Man baut fortan auf echte Schauspieler
SALZBURGER ADVENTSINGEN
10/10/12 Lang steht die Welt nicht mehr! Beim traditionellen Pressegespräch des Salzburger Adventsingens hat der langjährige Bühnenbildner Dietmar Solt seine diesjährigen Ideen in Form einer 3D-Animation vorgestellt. Nicht ohne zu verraten, dass diesem virtuellen Entwurf die traditionelle Arbeit mit Blatt und Pinsel vorangehe.
Von Reinhard Kriechbaum
Die neuen Medien haben also voll zugeschlagen. Freilich: Tiefer und weniger breit macht auch eine Animation, die an den IKEA-Küchenplaner erinnert, den Raum vor dem Eisernen Vorhang im Großen Festspielhaus nicht. Dort wird man sich also auch bei der Wiederaufnahme von Tobias Reisers szenischem Oratorium „Sonst bliebe es ein Traum“ nach der Decke strecken müssen.
Eine ganz entscheidende Neuerung: Man setzt fürderhin auf echte Schauspieler. Adventsingen-Leiter Hans Köhl sieht darin einen „Sprung zur Professionalisierung“: „Erstmals wählen wir nicht aus einem Kollegium von Laienschauspielern aus.“ Die neue Regisseurin Caroline Richards hat ein Ensemble zusammengestellt, dem unter anderem die lange in München engagierte Doris Goldner und der derzeit im Landestheater Niederösterreich engagierte Rainer Doppler angehören. Alexandra Tichy kennt man in Salzburg noch aus Landestheater-Zeiten, Irmgard Sohm ist hierzulande auch keine Unbekannte.
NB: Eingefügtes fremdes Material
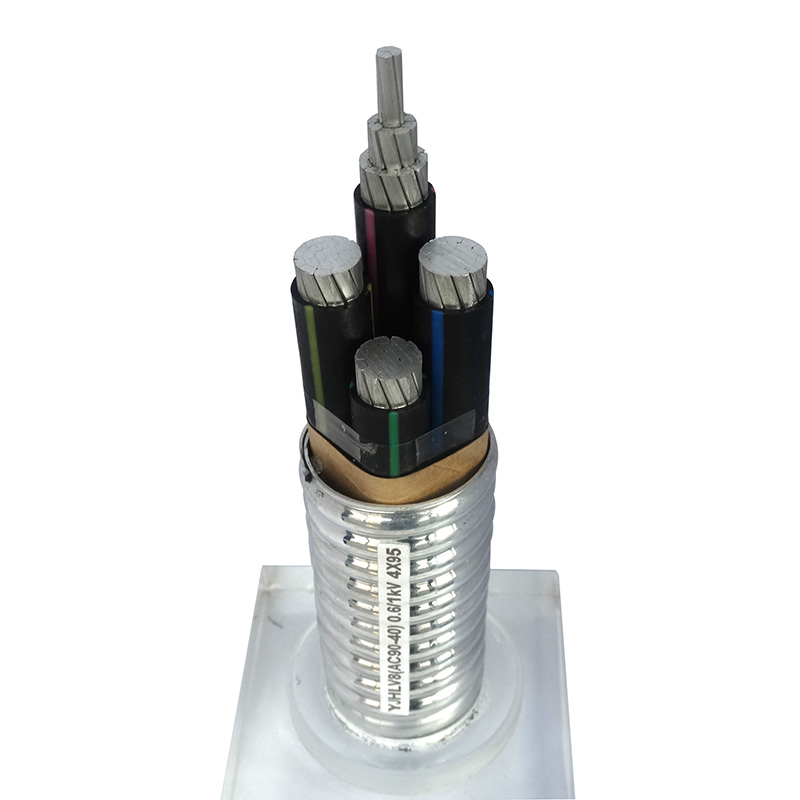 鋁合金電纜YJHLV8(AC90-40) 0.6/1kV 4X95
Das Gesangs-Kernteam beim Adventsingen ist seit vielen Jahren stabil: Simone Vierlinger ist wieder die Maria, Bernhard Teufl der Josef, Ilse Grießenauer singt und spielt die Elisabeth und Magdalena Hinz den Engel, der heuer leibhaftig auftritt. Für die Sopranistin Simone Vierlinger sei das Adventsingen die erste große Bühnen-Herausforderung gewesen, unterdessen baue sie eine schöne Karriere auf, freut sich der Dirigent Herbert Böck. Das Adventsingen habe also manchmal Sprungbrettfunktion.
Tobias Reisers szenisches Oratorium „Sonst bliebe es ein Traum“ war von 1989 bis 1991 zu sehen, Wiederaufnahmen gab es 1995 und 2005. Natürlich wird immer wieder nachjustiert, so wird es diesmal gar 52 statt ursprünglich 30 Musiknummern geben, bei gleicher Spieldauer. Man erreiche viel mit Verdichtung, erklärt Hans Köhl. Klemens Vereno ist der Komponist. Dass das neu Geschriebene und die Volksmusik wie selbstverständlich ineinanderfließen, zeichne das Adventsingen aus, so der musikalische Leiter Herbert Böck.
Carloline Richards, sonst vor allem im Kinder- und Jugendtheaterbereich im Kleinen Theater tätig, ist als Regisseurin also nun mit ganz anderen Dimensionen konfrontiert. Die gebürtige Engländerin, die Schauspiel an der Ecole Jacques Lecoq in Paris studiert hat, lebt und arbeitet seit 21 Jahren in Salzburg. „Eine extrem romantische Geschichte, die sich nicht in der Realität verbohrt“, befindet sie über den Text von Tobias Reiser.
Beim Salzburger Heimatwerk zeigt man sich zufrieden über den Vorverkauf. 33.000 Karten kommen in den Verkauf. Eine auffallende Entwicklung sei, so der fürs Wirtschaftliche Verantwortliche Stefan Sperr, „dass Nachmittagsvorstellungen immer beliebter werden“. Vier Vorstellungen seien bisher ausverkauft, generell seien die Karten in den teuersten Kategorien ebenfalls schon ausgebucht.
Das Lied „Stille Nacht“ ist verpönt beim Adventsingen, eben weil es ein Weihnachts- und kein Adventlied ist. Warum der Liedanfang trotzdem auftaucht auf der Musikliste? Man hat eine „Hirtenversion“ aufgestöbert, die zwar mit den Worten „Stille Nach, heilige Nacht“ anfängt, aber dann anders weitergeht. Ein uralter Mann in Flachau hat das Lied in den neunziger Jahren Volksliedforschern vorgesungen.